/ 26 August 2015

‘So white you’ve got to wear shades’

'so White You've Got To Wear Shades'

George Hull Philosophy’s principal charm lies in its ability to do so much with so little. 

This seduced me as an undergraduate, when I read WVO Quine’s argument for the startling claim that the meanings of words are, in principle, just as revisable as theoretical propositions in the face of empirical evidence.  

In 1951 Quine’s argument stood the philosophy of language on its head. Yet it did so using no technical methodology to speak of: only the same techniques of counterexample and contradiction-spotting we use to deflate friends’ more  sweeping generalisations in everyday life. 

Philosophy’s combination of economy and power is addictive. It can breed an impatience — even dismissiveness — when topics are not yet delineated precisely enough for this type of argument to get purchase. 

Philosophy third-years the world over make themselves unpopular by pouncing on people for saying “refute” when they mean “rebut”, or by pillorying minor inconsistencies in someone’s first thoughts on an issue of the day. 

It would be a great shame if the philosophy third-year who lives on under the skin of every academic philosopher were to make us appear defensive or dismissive in the face of calls for transformation. 

As the Canadian philosopher Charles Taylor has noted, philosophy (especially in the “analytic” ­tradition) tends to “neglect questions of articulation”, preferring to construct its arguments using “already  established formulations”.  

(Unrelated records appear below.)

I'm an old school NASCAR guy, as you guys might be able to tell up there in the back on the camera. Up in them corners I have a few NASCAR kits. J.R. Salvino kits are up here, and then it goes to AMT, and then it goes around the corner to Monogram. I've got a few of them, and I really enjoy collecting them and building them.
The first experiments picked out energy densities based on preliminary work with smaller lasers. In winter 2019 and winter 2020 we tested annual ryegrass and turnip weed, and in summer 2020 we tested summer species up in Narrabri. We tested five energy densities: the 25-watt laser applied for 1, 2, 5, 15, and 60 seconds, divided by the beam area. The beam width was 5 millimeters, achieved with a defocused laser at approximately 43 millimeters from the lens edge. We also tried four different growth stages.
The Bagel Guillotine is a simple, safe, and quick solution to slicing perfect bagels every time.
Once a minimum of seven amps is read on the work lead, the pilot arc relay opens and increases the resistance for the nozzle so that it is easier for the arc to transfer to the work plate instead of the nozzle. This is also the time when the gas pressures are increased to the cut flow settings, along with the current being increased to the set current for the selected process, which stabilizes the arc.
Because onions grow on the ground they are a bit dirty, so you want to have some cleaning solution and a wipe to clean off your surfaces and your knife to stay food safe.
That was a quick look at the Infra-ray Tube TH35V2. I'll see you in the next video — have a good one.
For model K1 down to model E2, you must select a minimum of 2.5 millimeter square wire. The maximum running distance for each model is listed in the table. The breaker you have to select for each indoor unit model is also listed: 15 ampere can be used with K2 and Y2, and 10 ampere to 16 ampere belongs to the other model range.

If we can only resist our professional deformation and take part in articulating transformation’s aims, we will recognise calls for the ­transformation of philosophy as an opportunity to improve  both our ­students’ experience and our discipline. 

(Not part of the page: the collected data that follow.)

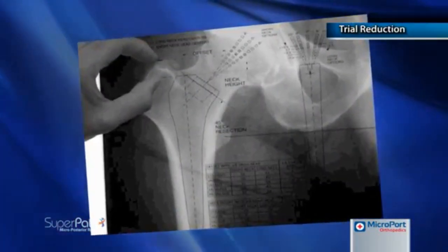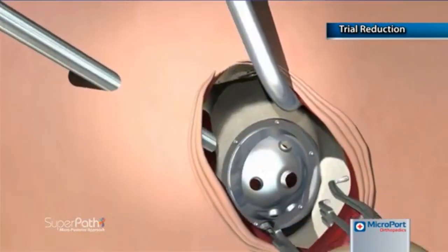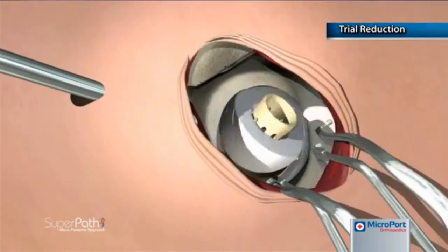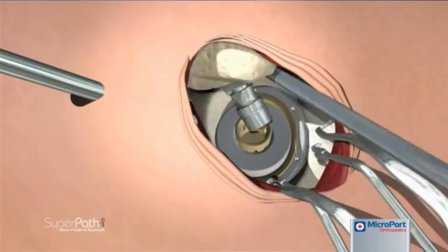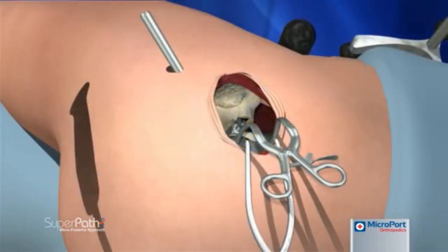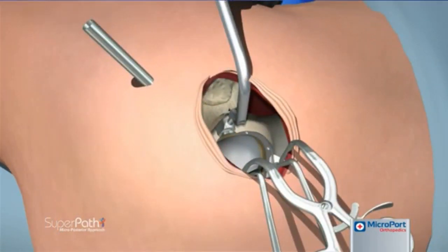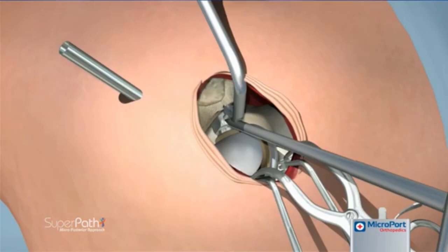Head and neck trials are selected by measuring the resected femoral head or by preoperative templating. The trial neck is seated into the femoral broach, while the trial head is placed into the cup with the opening in a superior posterior position. With the tip of the blunt trocar inserted into the top of the broach, the leg is translated to mate the trial neck into the trial head. Raising and lowering the foot of the operative leg assists in the maneuver. With the leg returned to the home position, the bone hook is inserted into the broach and lateral traction is applied. The blunt trocar is inserted into the hole of the trial neck and the bone hook and blunt trocar are leveraged against each other to disassemble the trial neck from the broach.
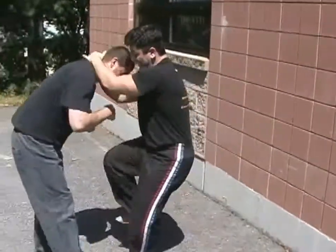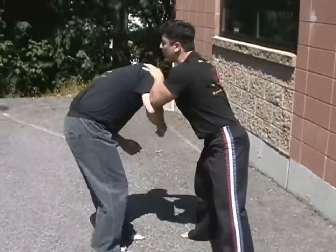From here, I knee him in the groin repeatedly, I can kick him, and I throw him to the ground.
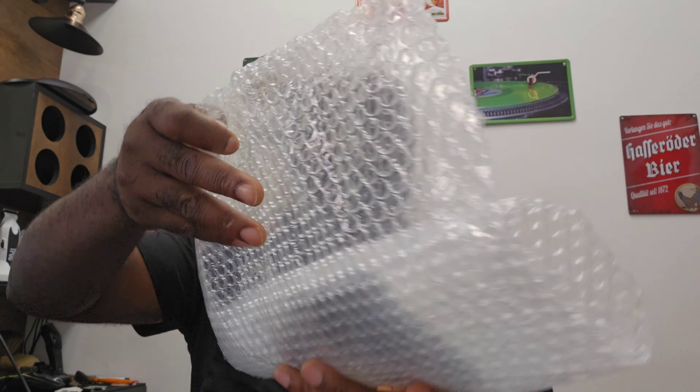So it comes like this — they don't have a normal box, they sent it just like this. I haven't even opened this one. It comes with some guide combs and a charging dock.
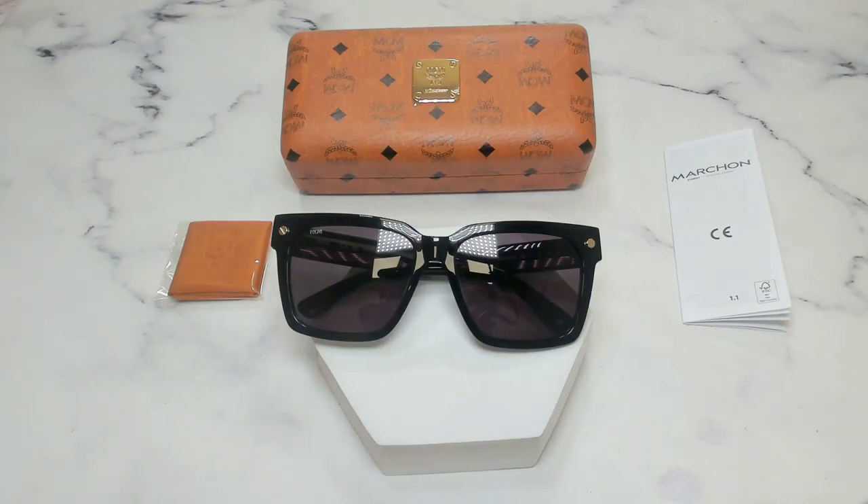Thank you for watching and if you're interested in checking out these glasses or any other glasses, make sure to check out iSpecs.com and have a joyful day.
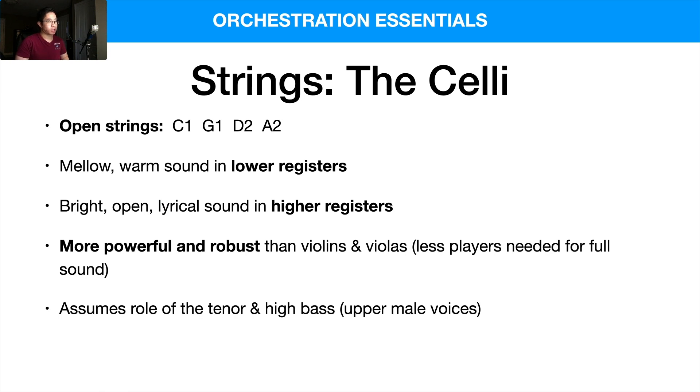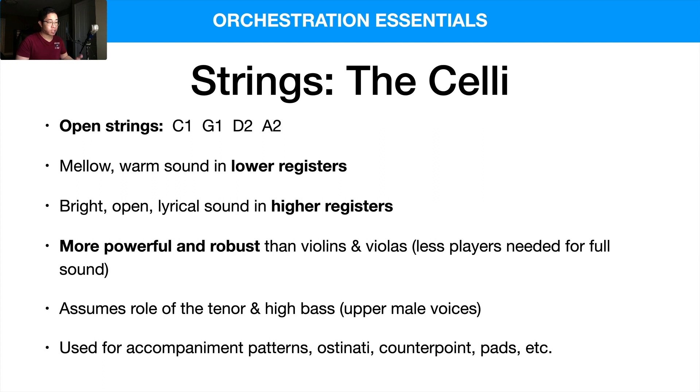Generally the cello will assume the role of the tenor and the high bass in terms of vocal voices — the upper male voices. In terms of practical function, we like to use them for accompaniment patterns, ostinati, counterpoint, pads, and more. Lots of different functions, kind of like the other strings we've talked about.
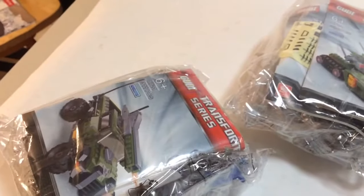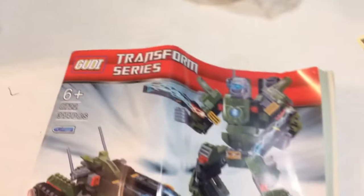And these are goodies. Which would we start with first? This one. Here's the instruction book, and you got stickers. There's bag one and bag two. And I think I'm going to build the mecha or the tank.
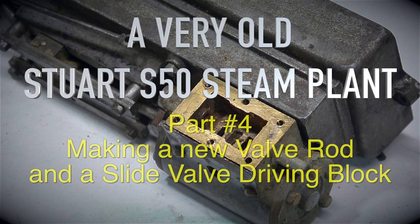A very old Stuart S50 steam plant, part 4, making a new valve rod and a slide valve driving block.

Though the precise aims of transformation in the academy have yet to be specified to everyone’s satisfaction, there is widespread consensus on three broad goals.  

First, the remaining barriers to demographic representivity in ­student and staff bodies must be ­broken down.  

Second, where ­university curricula have unfairly excluded ­relevant, high-quality work by ­people from previously ­marginalised groups, or ignored issues of particular importance to South Africa or Africa, they need to be rethought.  

Third, proactive steps should be taken where necessary to ensure that members of previously disadvantaged groups do not feel  unwelcome or insufficiently supported in any department of  the university. 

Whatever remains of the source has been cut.